Thread: RE: Re: Cygwin PostgreSQL CVS Patch

RE: Re: Cygwin PostgreSQL CVS Patch

From
Horák Daniel
Date:
> Another issue you might be interested in is that of Unix
> domain sockets.
> I understand that they now exist in Cygwin, so you might want
> to refine
> this snippet in src/include/config.h[.in]:
>
> /*
>  * Define this if your operating system supports AF_UNIX
> family sockets.
>  */
> #if !defined(__CYGWIN__) && !defined(__QNX__) && !defined(__BEOS__)
> # define HAVE_UNIX_SOCKETS 1
> #endif

I tried AF_UNIX sockets with Cygwin few months ago. The code have
compiled OK but was not working. The special file in Cygwin that
represents the socket was somehow corrupted (there was no <!socket>
string). But with latest Cygwin release can be the situation better.

        Dan

Re: Re: Cygwin PostgreSQL CVS Patch

From
Jason Tishler
Date:
Dan,

On Mon, Jan 15, 2001 at 02:01:35PM +0100, Horák Daniel wrote:
> > Another issue you might be interested in is that of Unix
> > domain sockets.
> > I understand that they now exist in Cygwin, so you might want
> > to refine
> > this snippet in src/include/config.h[.in]:
> >
> > /*
> >  * Define this if your operating system supports AF_UNIX
> > family sockets.
> >  */
> > #if !defined(__CYGWIN__) && !defined(__QNX__) && !defined(__BEOS__)
> > # define HAVE_UNIX_SOCKETS 1
> > #endif
>
> I tried AF_UNIX sockets with Cygwin few months ago. The code have
> compiled OK but was not working. The special file in Cygwin that
> represents the socket was somehow corrupted (there was no <!socket>
> string). But with latest Cygwin release can be the situation better.

I just tried AF_UNIX sockets with Cygwin 1.1.7 last night and everything
seemed to work just fine -- at least all of the regression tests passed.
I will be submitting a patch shortly.

Jason

--
Jason Tishler
Director, Software Engineering       Phone: +1 (732) 264-8770 x235
Dot Hill Systems Corp.               Fax:   +1 (732) 264-8798
82 Bethany Road, Suite 7             Email: Jason.Tishler@dothill.com
Hazlet, NJ 07730 USA                 WWW:   http://www.dothill.com

Re: Cygwin PostgreSQL CVS Patch

From
Tom Lane
Date:
Jason Tishler <Jason.Tishler@dothill.com> writes:
> I just tried AF_UNIX sockets with Cygwin 1.1.7 last night and everything
> seemed to work just fine -- at least all of the regression tests passed.
> I will be submitting a patch shortly.

Please first check that the failure cases also behave reasonably ---
connecting to a nonexistent socket, no postmaster, etc.

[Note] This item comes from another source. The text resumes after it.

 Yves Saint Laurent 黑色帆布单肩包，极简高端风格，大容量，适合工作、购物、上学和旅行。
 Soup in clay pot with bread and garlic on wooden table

            regards, tom lane

Re: Cygwin PostgreSQL CVS Patch

From
Jason Tishler
Date:
Tom,

On Mon, Jan 15, 2001 at 10:08:43AM -0500, Tom Lane wrote:
> Jason Tishler <Jason.Tishler@dothill.com> writes:
> > I just tried AF_UNIX sockets with Cygwin 1.1.7 last night and everything
> > seemed to work just fine -- at least all of the regression tests passed.
> > I will be submitting a patch shortly.
>
> Please first check that the failure cases also behave reasonably ---
> connecting to a nonexistent socket, no postmaster, etc.

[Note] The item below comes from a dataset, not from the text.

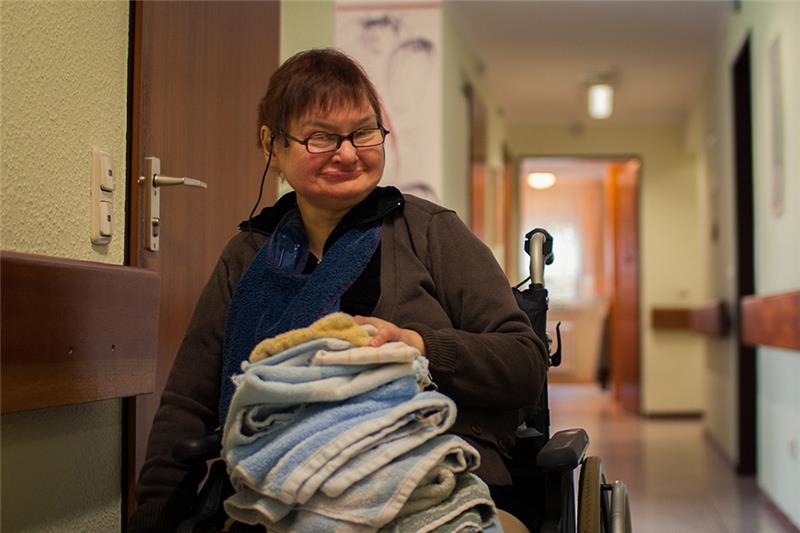 Bewohnerin im Rollstuhl mit Handtüchern auf ihrem Schoß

I've already tested the no postmaster case.  Please be more explicit
regarding "connecting to a nonexistent socket" and etc.  I'm afraid that
if I guess then I'll miss something.

Thanks,
Jason

--
Jason Tishler
Director, Software Engineering       Phone: +1 (732) 264-8770 x235
Dot Hill Systems Corp.               Fax:   +1 (732) 264-8798
82 Bethany Road, Suite 7             Email: Jason.Tishler@dothill.com
Hazlet, NJ 07730 USA                 WWW:   http://www.dothill.com

Re: Cygwin PostgreSQL CVS Patch

From
Tom Lane
Date:
Jason Tishler <Jason.Tishler@dothill.com> writes:
> I've already tested the no postmaster case.  Please be more explicit
> regarding "connecting to a nonexistent socket" and etc.  I'm afraid that
> if I guess then I'll miss something.

The cases I was thinking of were (a) no socket file (normal case if no
postmaster) and (b) socket file present but no postmaster attached ---
you can get that by kill -9'ing the postmaster ...

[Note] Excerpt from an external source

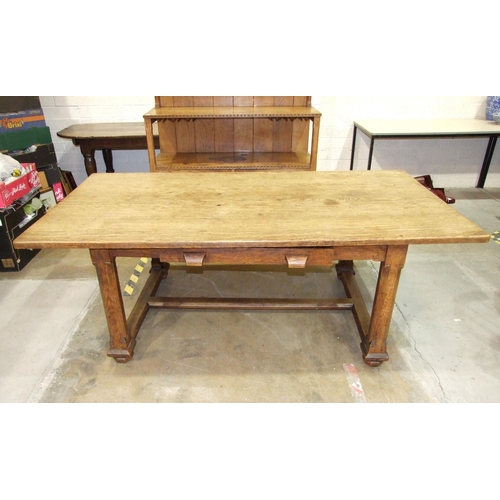 28 - An early-20th century Arts & Crafts oak dining table, the plank top above a single frieze drawer...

            regards, tom lane

Re: Cygwin PostgreSQL CVS Patch

From
Jason Tishler
Date:
Tom,

On Mon, Jan 15, 2001 at 05:23:20PM -0500, Tom Lane wrote:
> Jason Tishler <Jason.Tishler@dothill.com> writes:
> > I've already tested the no postmaster case.  Please be more explicit
> > regarding "connecting to a nonexistent socket" and etc.  I'm afraid that
> > if I guess then I'll miss something.
>
> The cases I was thinking of were (a) no socket file (normal case if no
> postmaster) and

Case a behaves correctly.

> (b) socket file present but no postmaster attached ---
> you can get that by kill -9'ing the postmaster ...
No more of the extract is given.